Ergebnisse in Berlin besonders schlecht
Ausgerechnet in Berlin, das
sich noch immer eine sechsjährige Grundschule leistet, sind die Ergebnisse
ähnlich wie in Bremen besonders schlecht. Dabei hätte jeder, der jemals eine
Klasse für jahrgangsübergreifendes Lernen von der ersten bis zur dritten Klasse
beobachtet hat, schon längst verstehen können, dass es selbst bei einem Lehrer
und einer Erzieherin in der Lerngruppe Grenzen der Heterogenität gibt. Gerade
in solchen Klassen bleibt den Lehrern oft nichts anderes übrig, als Schüler mit
Arbeitsblättern zum Lernen und Üben anzuhalten. Das heißt aber, dass
ausgerechnet das Sprachtraining im Unterrichtsgespräch viel zu kurz kommt.
Korrigiert wird kaum und solange die Schüler sich aussuchen dürfen, woran sie
gerade arbeiten wollen, werden sie üben, was sie schon können und ihre
Schwachstellen meiden. Solch ein Unterricht ist mehr Aufbewahrung als
sinnvolles Lernen.
Seit Jahrzehnten ist die
Grundschule das pädagogische Experimentierfeld schlechthin. Das begann schon in
den siebziger Jahren mit der unseligen Mengenlehre, hinzu kamen die flexible
Einschulung fünf bis sieben Jahre alter Kinder, die Abschaffung der Ziffernoten
in den ersten drei Klassen, das Schreiben nach Gehör und der ausgemachte Unsinn
von Fächerverbünden, den auch Baden-Württemberg eingeführt hat.

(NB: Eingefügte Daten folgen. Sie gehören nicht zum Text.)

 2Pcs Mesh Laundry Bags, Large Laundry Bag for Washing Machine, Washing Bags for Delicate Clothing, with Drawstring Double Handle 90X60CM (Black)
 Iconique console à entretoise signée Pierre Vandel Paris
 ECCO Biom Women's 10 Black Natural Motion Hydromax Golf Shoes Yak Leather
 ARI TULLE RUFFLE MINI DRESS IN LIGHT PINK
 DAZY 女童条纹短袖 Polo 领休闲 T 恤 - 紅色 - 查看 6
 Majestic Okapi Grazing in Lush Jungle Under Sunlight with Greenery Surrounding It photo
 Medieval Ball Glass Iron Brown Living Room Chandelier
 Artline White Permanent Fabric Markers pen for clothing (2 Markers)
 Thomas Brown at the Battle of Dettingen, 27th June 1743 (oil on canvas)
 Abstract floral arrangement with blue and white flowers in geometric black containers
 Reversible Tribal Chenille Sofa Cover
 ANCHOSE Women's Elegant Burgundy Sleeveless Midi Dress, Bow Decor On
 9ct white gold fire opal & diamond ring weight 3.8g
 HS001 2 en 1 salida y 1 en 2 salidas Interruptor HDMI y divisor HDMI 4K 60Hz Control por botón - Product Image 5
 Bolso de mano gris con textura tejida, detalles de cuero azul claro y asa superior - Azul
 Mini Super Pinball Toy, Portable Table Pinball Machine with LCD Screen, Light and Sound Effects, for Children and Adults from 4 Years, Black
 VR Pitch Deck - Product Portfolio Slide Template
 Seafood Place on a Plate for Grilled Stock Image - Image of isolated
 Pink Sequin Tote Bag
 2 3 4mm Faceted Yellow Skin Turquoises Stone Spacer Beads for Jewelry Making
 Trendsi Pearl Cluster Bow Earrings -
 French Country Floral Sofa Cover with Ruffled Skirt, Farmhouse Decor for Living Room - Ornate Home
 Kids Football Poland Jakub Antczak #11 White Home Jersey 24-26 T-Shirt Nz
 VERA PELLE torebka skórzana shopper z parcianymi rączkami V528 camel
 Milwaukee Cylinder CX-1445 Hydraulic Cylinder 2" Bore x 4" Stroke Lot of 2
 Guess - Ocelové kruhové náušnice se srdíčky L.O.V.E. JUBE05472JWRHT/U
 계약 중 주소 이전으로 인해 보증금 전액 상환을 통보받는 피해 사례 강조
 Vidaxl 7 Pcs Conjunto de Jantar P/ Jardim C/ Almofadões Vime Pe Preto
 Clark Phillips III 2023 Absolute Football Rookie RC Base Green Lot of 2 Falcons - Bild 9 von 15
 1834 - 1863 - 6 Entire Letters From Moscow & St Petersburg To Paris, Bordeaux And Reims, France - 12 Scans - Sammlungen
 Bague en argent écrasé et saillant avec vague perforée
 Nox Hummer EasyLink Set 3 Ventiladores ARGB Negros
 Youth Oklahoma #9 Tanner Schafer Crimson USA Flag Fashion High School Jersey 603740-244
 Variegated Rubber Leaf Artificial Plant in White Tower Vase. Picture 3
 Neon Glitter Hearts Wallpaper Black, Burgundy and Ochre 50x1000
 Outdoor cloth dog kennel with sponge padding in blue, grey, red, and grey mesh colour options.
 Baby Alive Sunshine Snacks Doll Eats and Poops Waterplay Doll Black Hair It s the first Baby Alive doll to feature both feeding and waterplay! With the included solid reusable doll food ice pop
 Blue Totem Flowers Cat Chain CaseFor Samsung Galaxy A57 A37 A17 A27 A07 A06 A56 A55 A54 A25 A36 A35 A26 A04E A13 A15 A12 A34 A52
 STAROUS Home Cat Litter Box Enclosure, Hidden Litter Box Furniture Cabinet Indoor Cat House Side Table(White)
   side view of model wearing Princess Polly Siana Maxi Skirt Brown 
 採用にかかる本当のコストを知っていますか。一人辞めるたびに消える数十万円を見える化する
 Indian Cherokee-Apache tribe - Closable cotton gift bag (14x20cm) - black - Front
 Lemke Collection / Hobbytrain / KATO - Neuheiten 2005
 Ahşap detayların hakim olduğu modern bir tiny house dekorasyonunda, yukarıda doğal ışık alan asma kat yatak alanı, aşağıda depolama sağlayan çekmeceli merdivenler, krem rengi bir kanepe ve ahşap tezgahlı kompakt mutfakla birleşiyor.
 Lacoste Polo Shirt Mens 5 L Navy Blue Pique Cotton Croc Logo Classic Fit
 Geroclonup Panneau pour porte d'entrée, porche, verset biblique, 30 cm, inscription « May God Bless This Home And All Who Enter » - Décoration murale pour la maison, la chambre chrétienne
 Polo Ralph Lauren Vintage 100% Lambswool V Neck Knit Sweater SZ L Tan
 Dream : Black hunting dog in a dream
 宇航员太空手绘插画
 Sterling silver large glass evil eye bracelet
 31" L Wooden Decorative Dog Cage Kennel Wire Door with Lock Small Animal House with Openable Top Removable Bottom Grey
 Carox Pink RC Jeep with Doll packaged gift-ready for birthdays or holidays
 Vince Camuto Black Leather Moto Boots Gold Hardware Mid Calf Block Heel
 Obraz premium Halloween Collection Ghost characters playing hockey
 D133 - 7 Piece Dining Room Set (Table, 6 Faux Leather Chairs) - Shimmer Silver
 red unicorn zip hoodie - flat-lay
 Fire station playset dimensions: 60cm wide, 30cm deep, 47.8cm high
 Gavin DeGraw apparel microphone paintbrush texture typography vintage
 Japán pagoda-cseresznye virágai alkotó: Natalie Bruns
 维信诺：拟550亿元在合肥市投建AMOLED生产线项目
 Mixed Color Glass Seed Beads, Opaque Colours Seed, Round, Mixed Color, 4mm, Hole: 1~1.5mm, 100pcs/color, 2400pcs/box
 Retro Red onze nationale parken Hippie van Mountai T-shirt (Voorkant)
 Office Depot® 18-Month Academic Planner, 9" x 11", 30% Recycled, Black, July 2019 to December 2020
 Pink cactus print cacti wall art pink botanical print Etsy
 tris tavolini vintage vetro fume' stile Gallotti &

Fächerübergreifendes Lernen ist - wenn überhaupt - nur dann sinnvoll, wenn die
Basis im Fach stimmt. Der Grundwortschatz wurde reduziert und in vielen Ländern
sank die Gesamtzahl der Unterrichtsstunden. Viel hilft zwar nicht viel, aber
offenbar nutzen bayerische Grundschullehrer die zusätzlichen Unterrichtsstunden
für gezieltes Üben. Für manche Schüler aus bildungsfernen Schichten sind die
Sommerferien einfach zu lang. Viele von ihnen können ohnehin nicht wegfahren,
für sie gilt es zusätzliche Angebote während der Sommerferien zu schaffen,
damit nicht alles Gelernte in Vergessenheit gerät.
Fortbildungsangebote dienen eher der Selbstverwirklichung
Hinzu kommt die unzureichende
Lehrerfortbildung. In nicht wenigen Ländern können sich Lehrer ihre gesamte
Laufbahn erfolgreich um eine Fortbildung drücken. Oder die Fortbildungsangebote
dienen eher der Selbstverwirklichung. Mancherorts gehörten Seidenmalerei und
Fahrsicherheitstraining dazu. Solange Fortbildungen nicht anspruchsvoll und
verpflichtend sind und ein Schulleiter auch die Möglichkeit hat, einen Kollegen
zu einer bestimmten Fortbildung zu schicken, haben sie nicht mehr als eine
Alibifunktion. Auch bei noch so guter Fortbildung wird es aber Grenzen für den
Umgang mit der immer unterschiedlicheren Schülerschaft geben. Erfahrene
Grundschullehrer berichten, dass junge Kollegen, die gerade die Ausbildung
beendet haben, dazu neigen, möglichst viele Höhepunkte im Unterricht zu bieten,
das leidige Üben aber nicht konsequent genug verfolgen.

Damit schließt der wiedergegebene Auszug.